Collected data
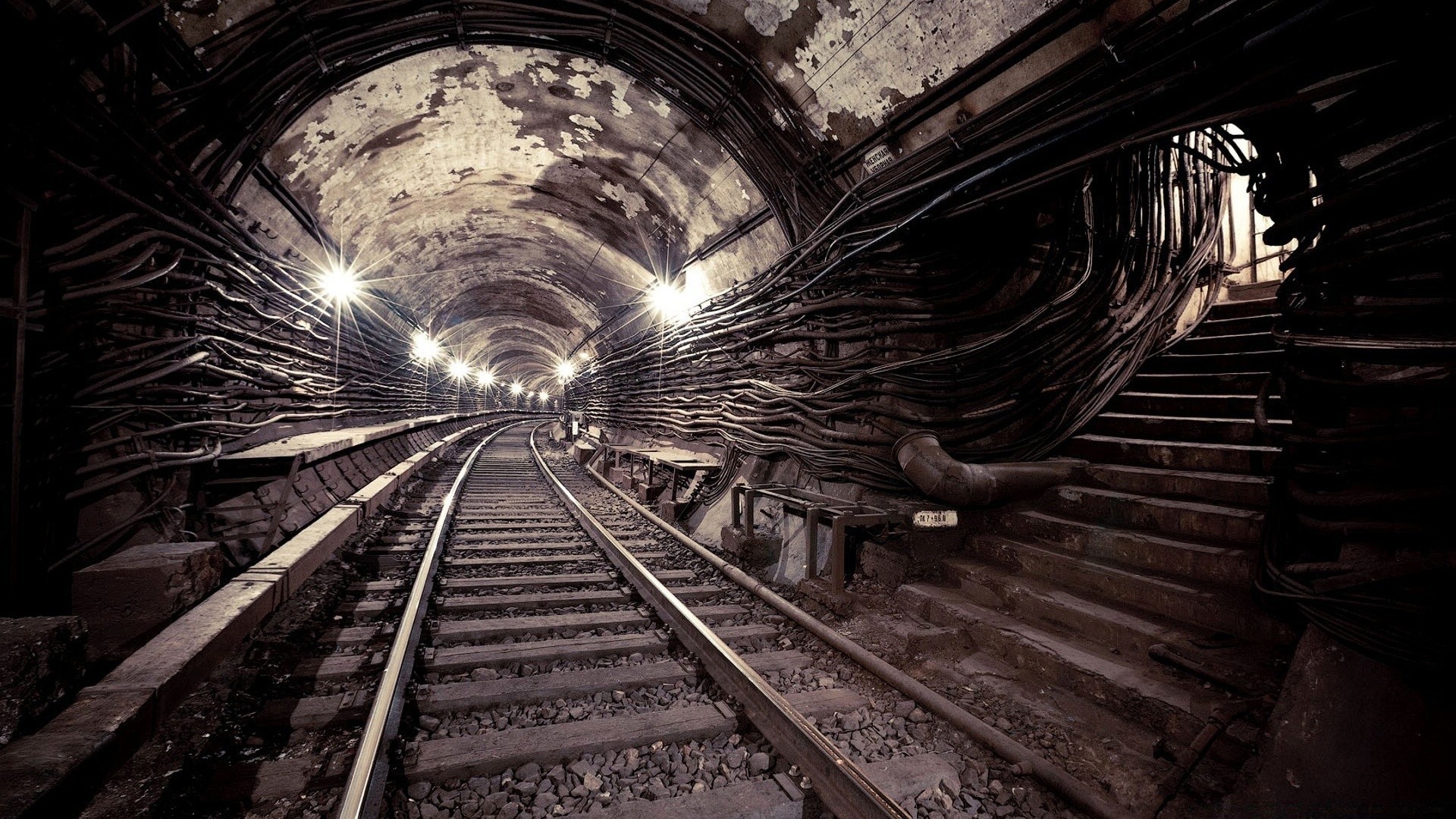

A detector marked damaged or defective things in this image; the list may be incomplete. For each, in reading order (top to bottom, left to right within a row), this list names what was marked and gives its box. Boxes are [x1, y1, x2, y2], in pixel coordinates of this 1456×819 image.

rusty pipe [886, 428, 1080, 507]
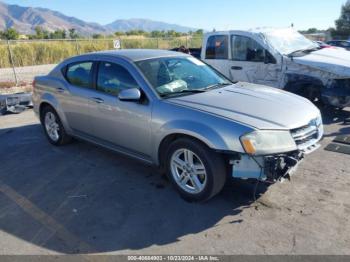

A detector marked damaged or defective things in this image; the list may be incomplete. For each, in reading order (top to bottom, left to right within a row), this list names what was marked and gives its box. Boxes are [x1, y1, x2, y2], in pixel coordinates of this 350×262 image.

damaged truck front [201, 29, 350, 109]
damaged front bumper [0, 93, 32, 115]
broken headlight [241, 130, 296, 156]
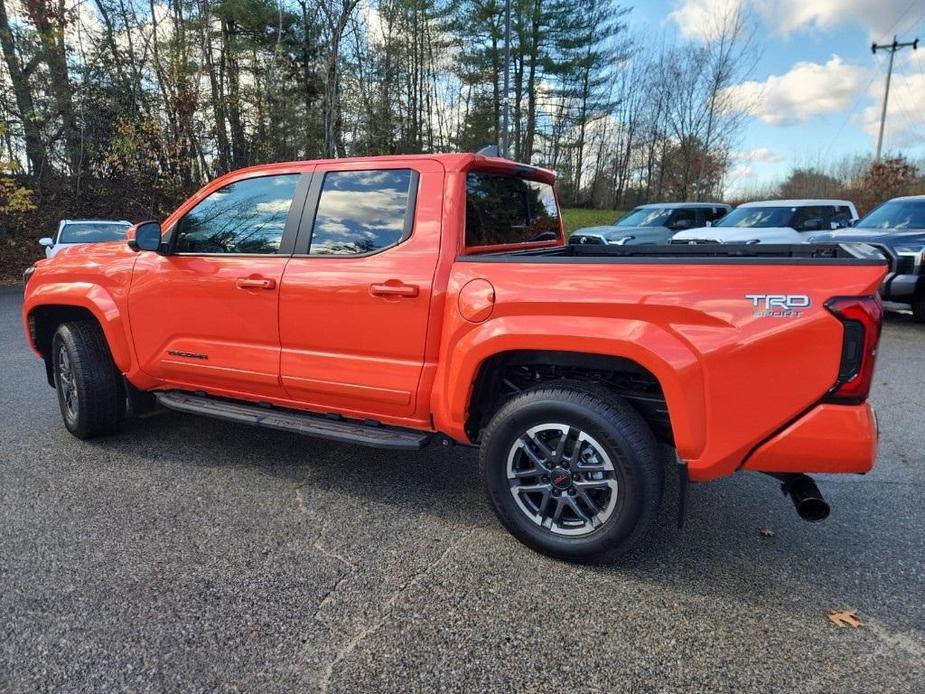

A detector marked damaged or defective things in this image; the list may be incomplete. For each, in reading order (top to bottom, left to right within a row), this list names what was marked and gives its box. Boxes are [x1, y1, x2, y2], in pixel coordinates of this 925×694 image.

pavement crack [320, 532, 476, 692]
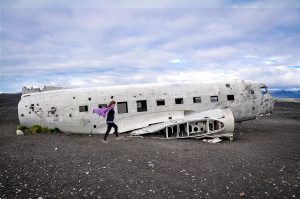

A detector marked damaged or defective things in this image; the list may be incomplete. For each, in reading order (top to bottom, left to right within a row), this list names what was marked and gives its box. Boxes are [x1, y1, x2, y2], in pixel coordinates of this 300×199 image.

crashed airplane fuselage [17, 80, 274, 140]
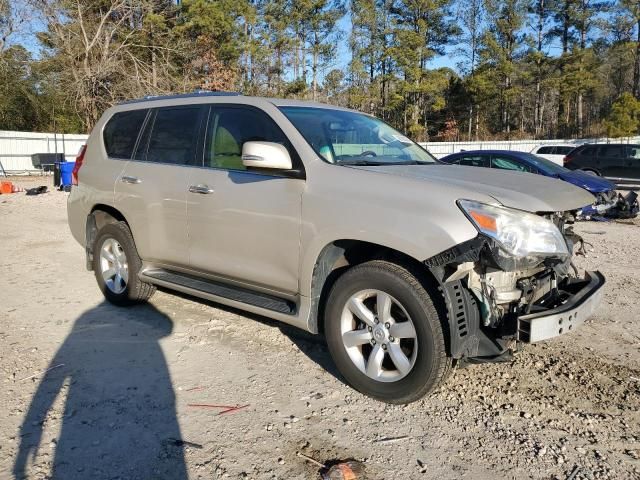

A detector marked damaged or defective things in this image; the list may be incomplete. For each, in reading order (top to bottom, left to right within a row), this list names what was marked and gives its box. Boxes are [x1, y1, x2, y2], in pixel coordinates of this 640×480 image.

## Task
Starting at the line that contains "this 300×199 image.", write out every line through the final line of the entries, word for word; skip any pictures.

## Task response
A detector marked damaged or defective things in this image; the list may be incomplete. For each, in reading order (top to bottom, left to right within a row), this list names what was marked and gives its box. Boxes are [x1, y1, x2, y2], in pixel coordinates of this 300×199 image.

crashed airplane fuselage [17, 80, 274, 140]

A detector marked damaged or defective things in this image; the list may be incomplete. For each, in reading order (top to bottom, left to right within a row), this list names what was marked and gives its box. Boxes are [x1, y1, x2, y2], in pixel coordinates of this 640×480 image.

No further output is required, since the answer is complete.